-------- SUPPLIED ENTRIES

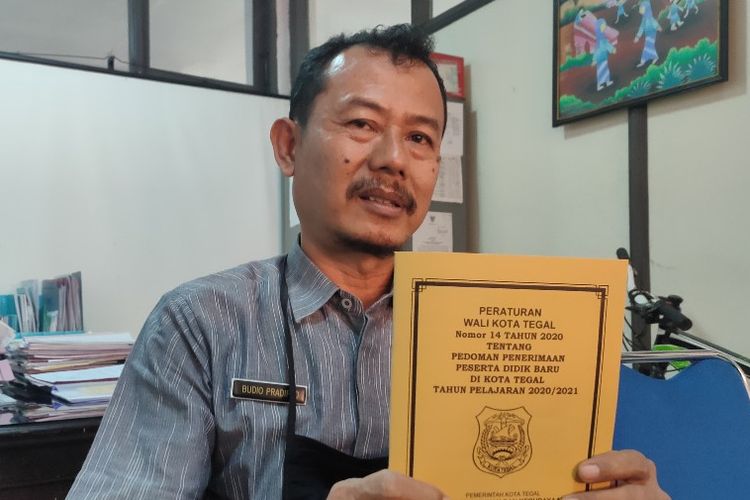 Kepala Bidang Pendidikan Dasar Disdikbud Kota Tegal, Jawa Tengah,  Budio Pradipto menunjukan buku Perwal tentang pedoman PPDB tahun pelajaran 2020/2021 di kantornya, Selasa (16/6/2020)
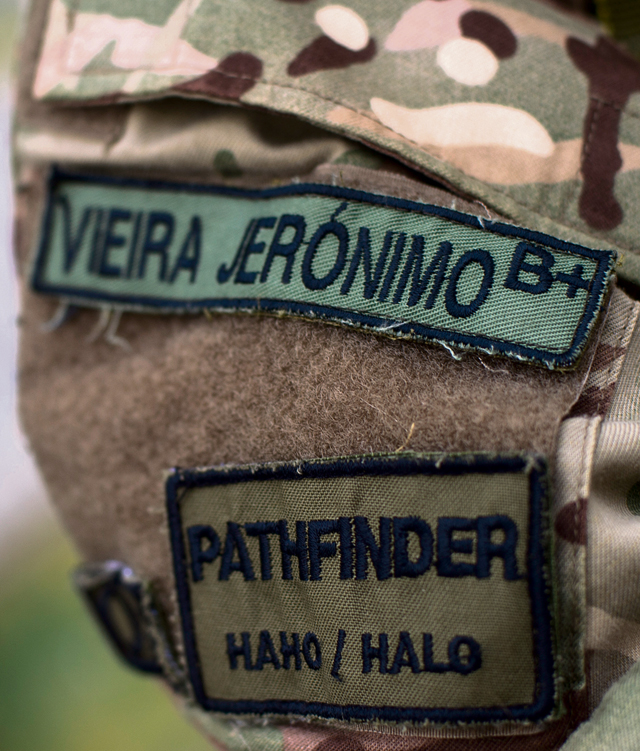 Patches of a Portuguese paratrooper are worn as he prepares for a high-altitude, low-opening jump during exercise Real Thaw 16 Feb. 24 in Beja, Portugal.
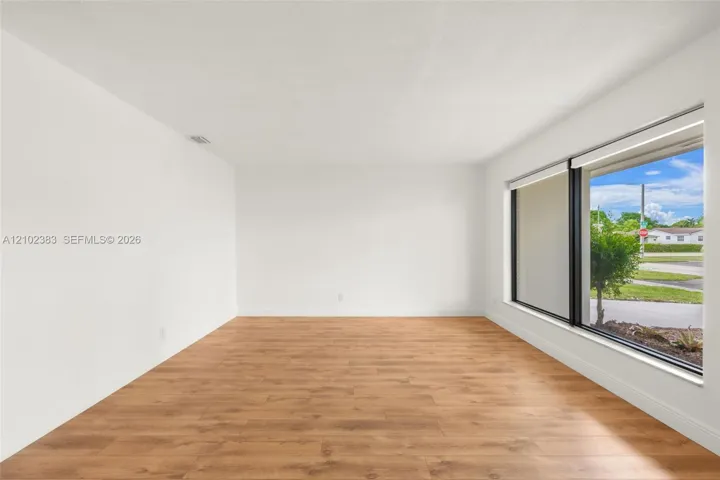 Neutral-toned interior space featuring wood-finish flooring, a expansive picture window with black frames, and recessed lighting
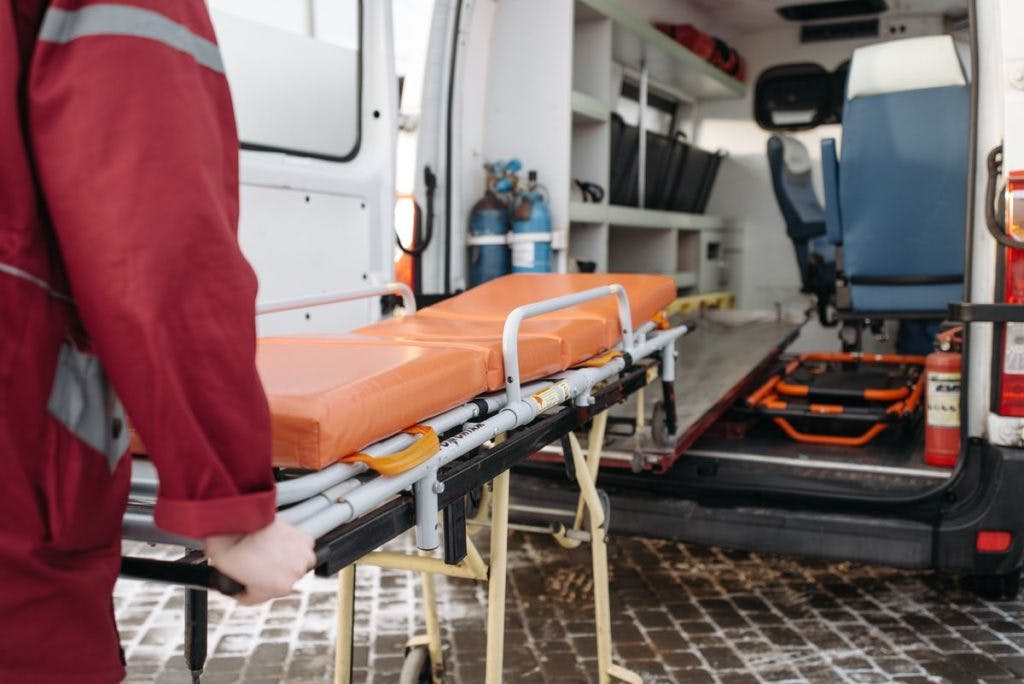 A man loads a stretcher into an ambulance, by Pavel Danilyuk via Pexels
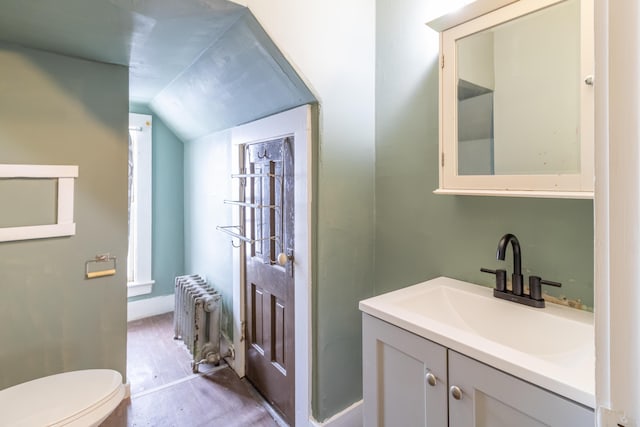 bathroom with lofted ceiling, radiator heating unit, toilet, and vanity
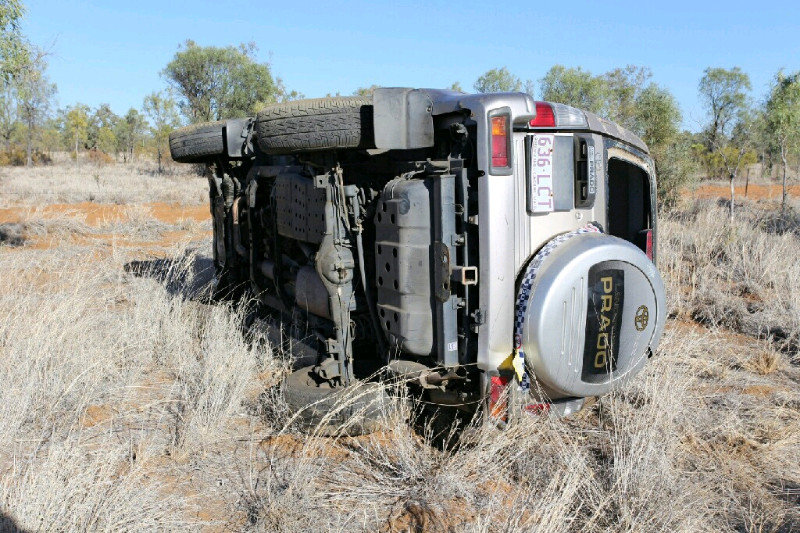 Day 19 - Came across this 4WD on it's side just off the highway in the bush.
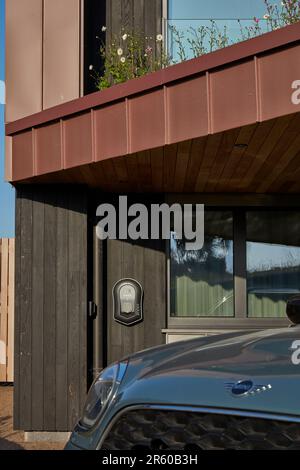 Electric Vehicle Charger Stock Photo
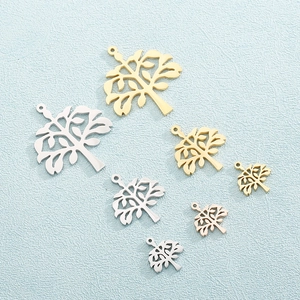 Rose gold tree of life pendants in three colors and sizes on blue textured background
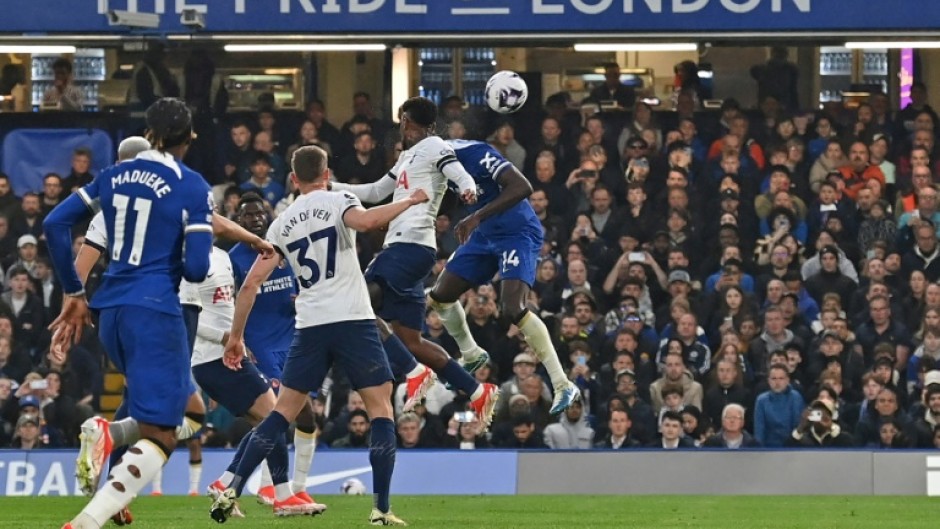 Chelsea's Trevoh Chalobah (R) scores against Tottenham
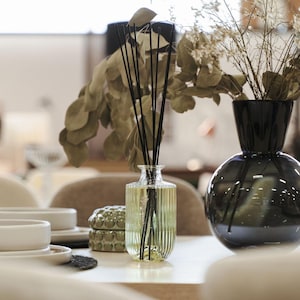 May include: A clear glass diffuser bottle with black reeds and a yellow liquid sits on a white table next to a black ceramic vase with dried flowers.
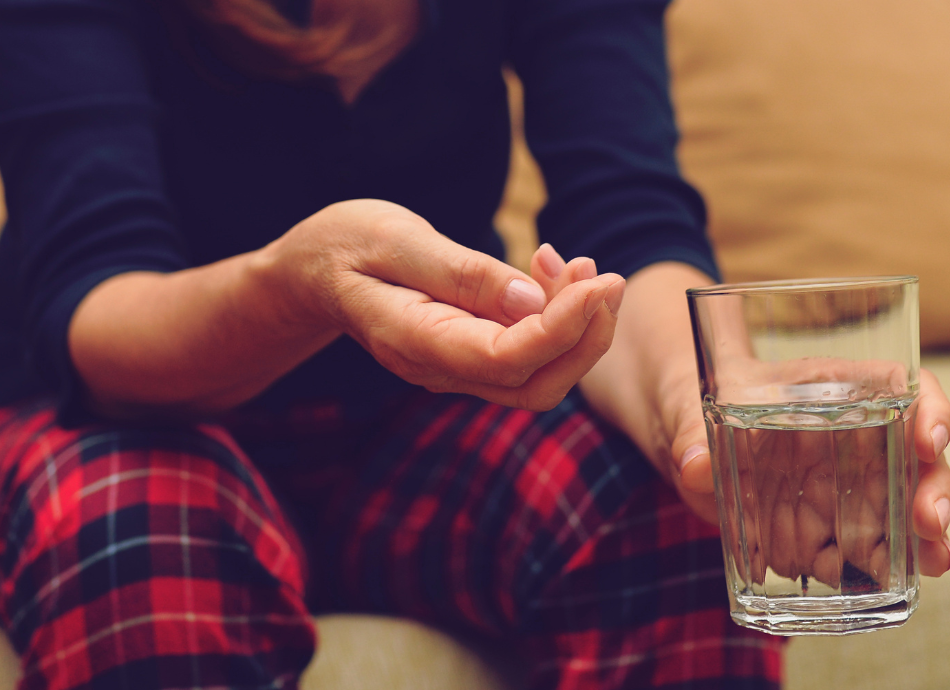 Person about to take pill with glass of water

----------------
-------- SUPPLIED ENTRIES

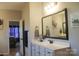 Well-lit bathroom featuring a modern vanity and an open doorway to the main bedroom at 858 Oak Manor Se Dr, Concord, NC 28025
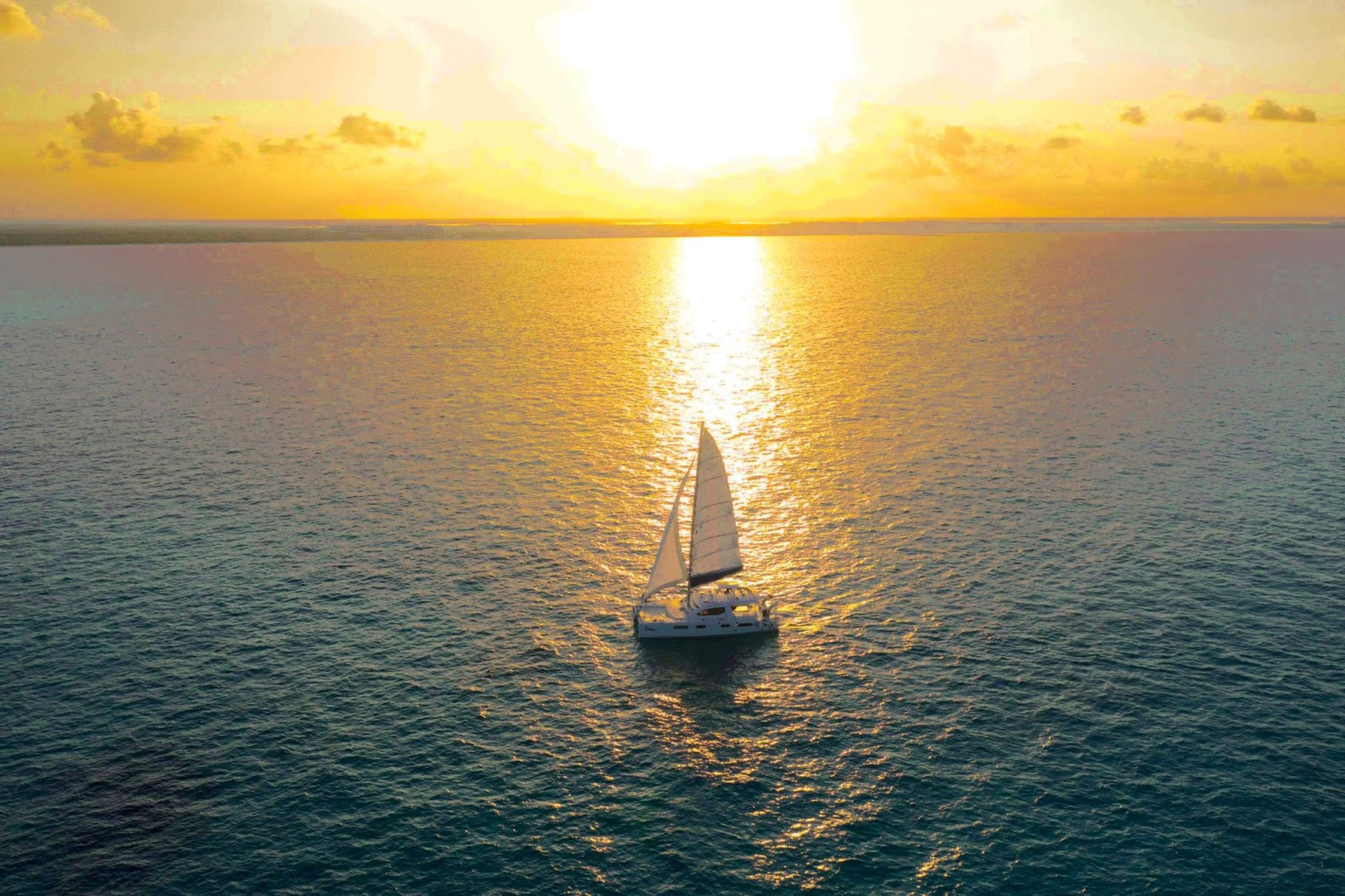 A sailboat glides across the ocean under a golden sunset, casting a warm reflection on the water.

----------------

> **DESCRIPTION OF THE TASK**
Taking the records above, print only and exactly the lines from the line with "Chelsea's Trevoh Chalobah" to the line with "Person about to", both kept, and exclude pictures.

> **RESULT**
 Chelsea's Trevoh Chalobah (R) scores against Tottenham
 May include: A clear glass diffuser bottle with black reeds and a yellow liquid sits on a white table next to a black ceramic vase with dried flowers.
 Person about to take pill with glass of water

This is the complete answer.